De l’écrivain passeur au diplomate culturel
Dans la francophonie, l’écrivain africain occupe un espace de médiation où se tressent esthétique, politique et pédagogie. Kibeloh assume ce rôle de passeur entre les continents, soulignant qu’un roman peut devenir un trait d’union plus efficace qu’un sommet diplomatique lorsque l’émotion narrative se substitue à la langue institutionnelle. L’écrivain, explique-t-il, ne saurait être réduit au gardien des douleurs nationales ; il lui appartient aussi de célébrer les réussites sociétales, de décrire la croissance culturelle et économique dont Brazzaville est l’emblème. Cette ligne d’équilibre rejoint la volonté officielle de promouvoir l’image d’un Congo-Brazzaville stable et ouvert, attaché à la circulation des idées comme aux chantiers structurels.
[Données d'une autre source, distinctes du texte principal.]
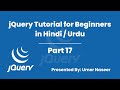 jQuery Tutorial for Beginners in Hindi & Urdu | Empty & Remove Method in jQuery | Part 17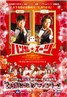 变身西装.2008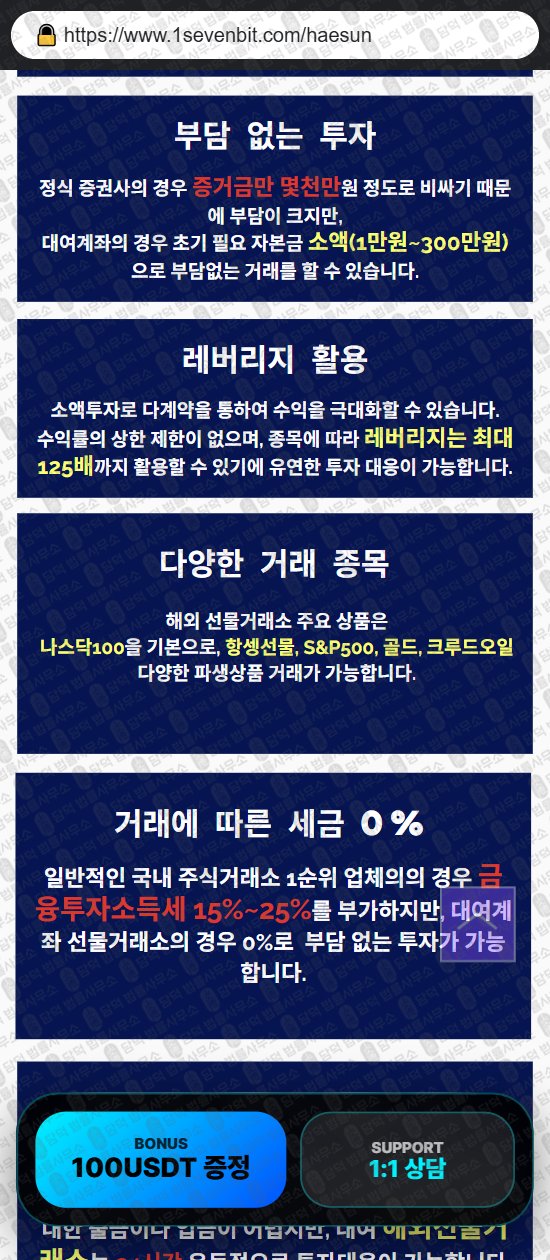 이 사진은 담덕법률사무소에서 캡쳐해둔 투세븐빗(SSL) 웹사이트 캡쳐 사진이며 URL은 1sevenbit.com 입니다.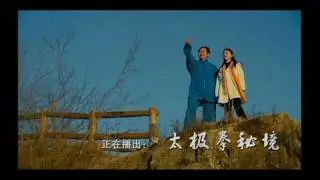 TAIJIQUAN SECRET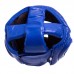 Шолом боксерський з повним захистом Zelart M, синій, код: BO-6001_MBL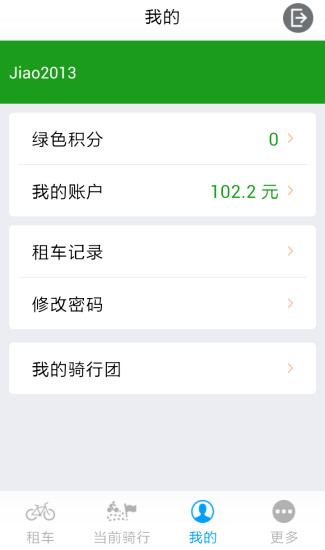 行我行app(自行車租借) v2.2.6 安卓版 3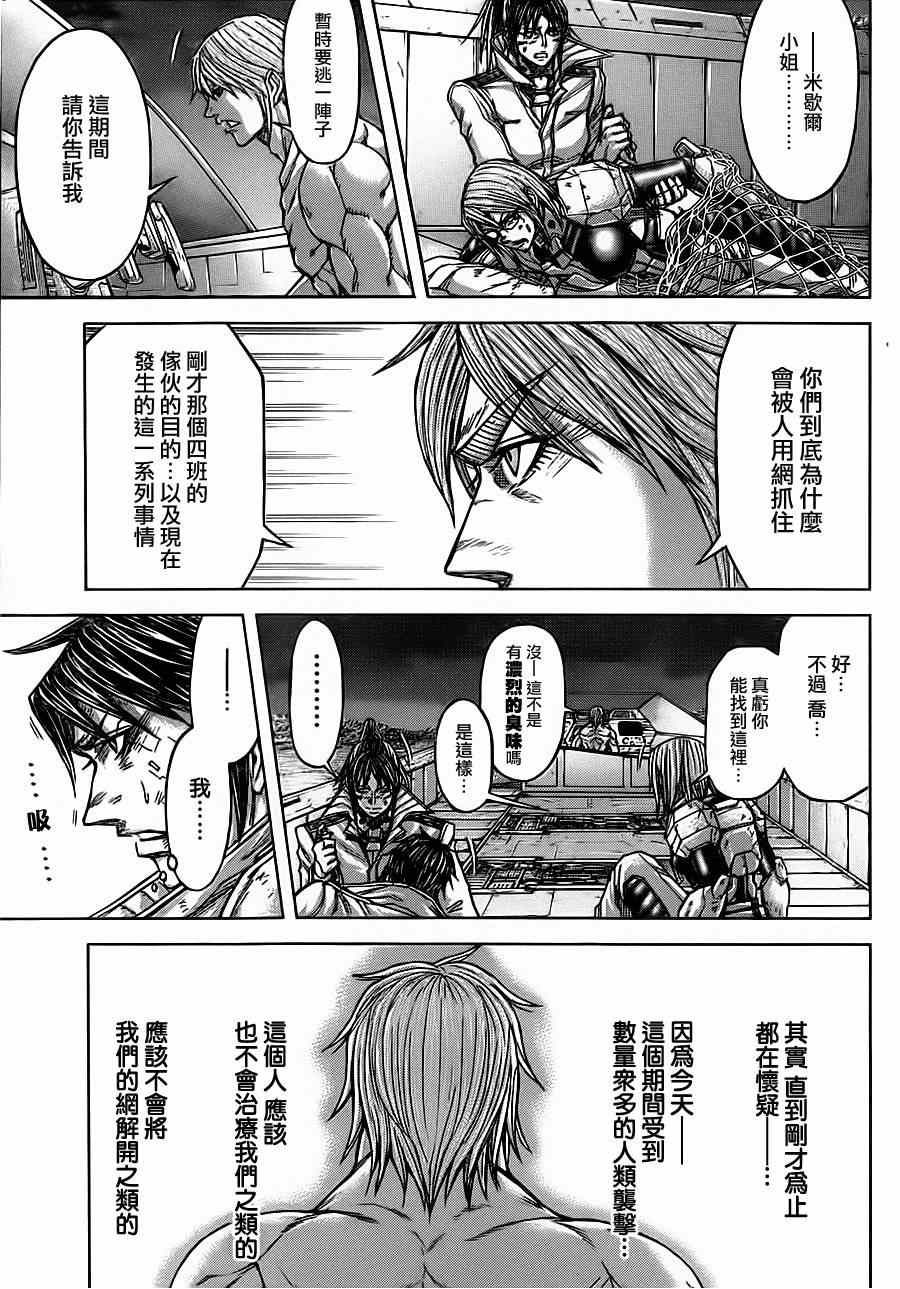 火星异种韩漫全集-第91话无删减无遮挡章节图片 
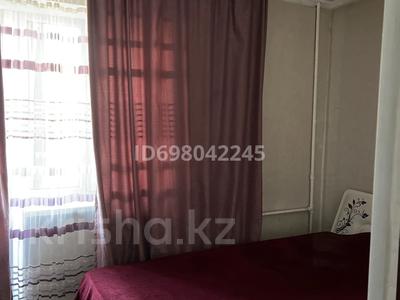 2-бөлмелі пәтер · 45 м² · 4/4 қабат, Сейфуллина — Маметовой, бағасы: 2 000 〒 в Алматы, Алмалинский р-н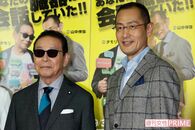 山中伸弥教授、部下の論文捏造で “辞任も視野” にヒヤヒヤするタモリとNHK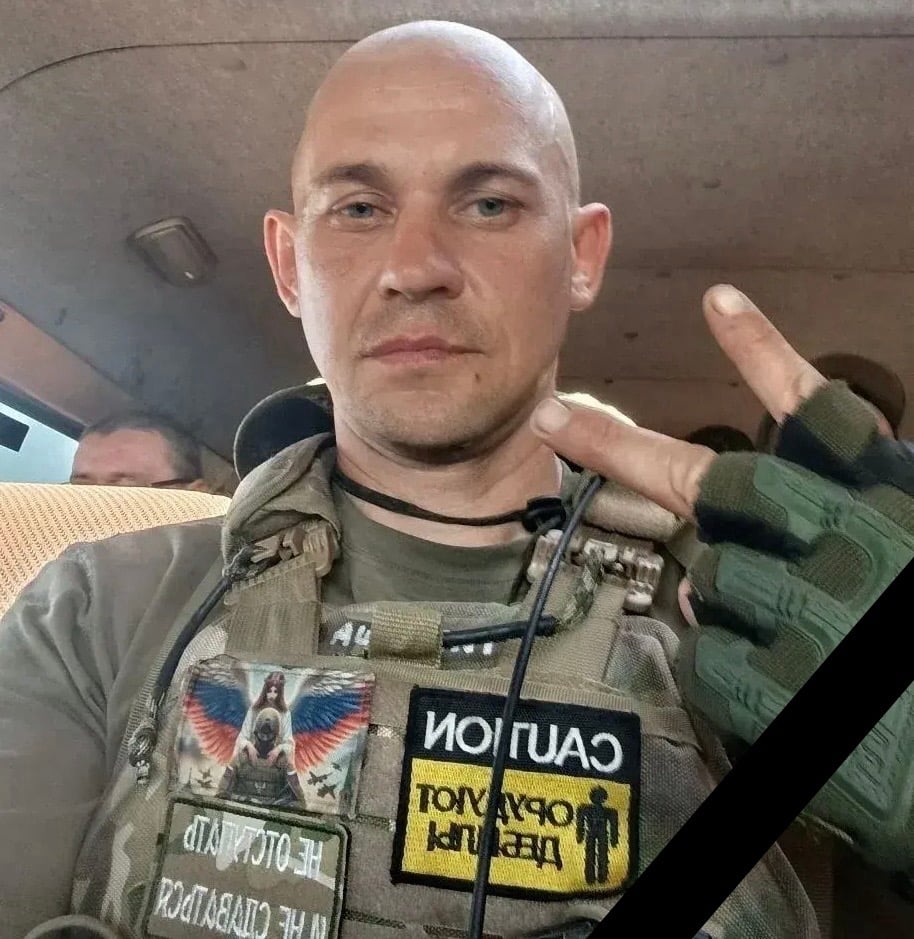 Фото: Погибший на войне с Украиной Тимофеев Иван Михайлович. Архангельская область, нет данных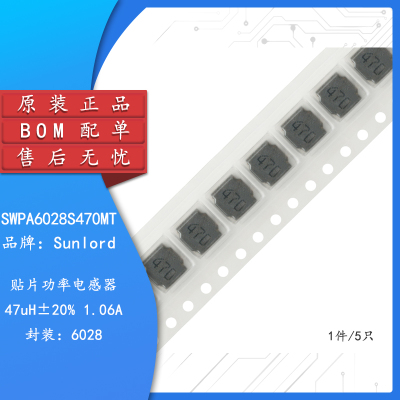 47uH±20%6028贴片功率电感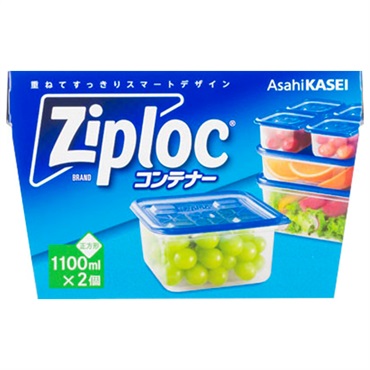 ジップロック コンテナー 正方形 1100ml 2個入り ジップロック Ziploc 旭化成ホームプロダクツ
Le dialogue interculturel, dans cette perspective, devient une extension culturelle de la diplomatie proactive menée par le pays sur la scène internationale. À ceux qui s’inquiètent d’une dilution identitaire, Kibeloh répond par la pluralité de ses thèmes : l’amour, la trahison, l’exil, mais aussi la convivialité urbaine et l’invention artistique qui jalonnent la société congolaise contemporaine.
Ouenzé, laboratoire mémoriel d’un roman attendu
Le prochain ouvrage de l’auteur, « Les souvenirs de Ouenzé », prolongera cette ambition universaliste en plongeant dans la guerre civile de 1997, événement encore sensible dans la mémoire nationale. Loin de tout sensationnalisme, il s’agira d’explorer le quotidien d’un quartier populaire de Brazzaville aux heures les plus sombres, de restituer le contraste entre l’énergie juvénile des jeux d’enfants et la violence politique environnante. Le choix de Ouenzé n’est pas anodin : c’est à la fois un microcosme de la capitale et un foyer historique de la créativité musicale, sportive et associative. En retraçant les trajectoires de personnages confrontés au déracinement ou à l’exil, Kibeloh questionne la possibilité du pardon, notion cardinale dans les processus de réconciliation post-conflit. À travers cette cartographie affective, il entend rendre hommage à la résilience congolaise, valeur que les autorités du pays ne cessent de promouvoir pour consolider un vivre-ensemble respectueux des diversités régionales et ethniques. Ce roman, déjà très attendu dans les cercles littéraires, confirmera sans doute la place de Christ Kibeloh parmi les auteurs capables de transformer une expérience individuelle en archipel d’enseignements universels.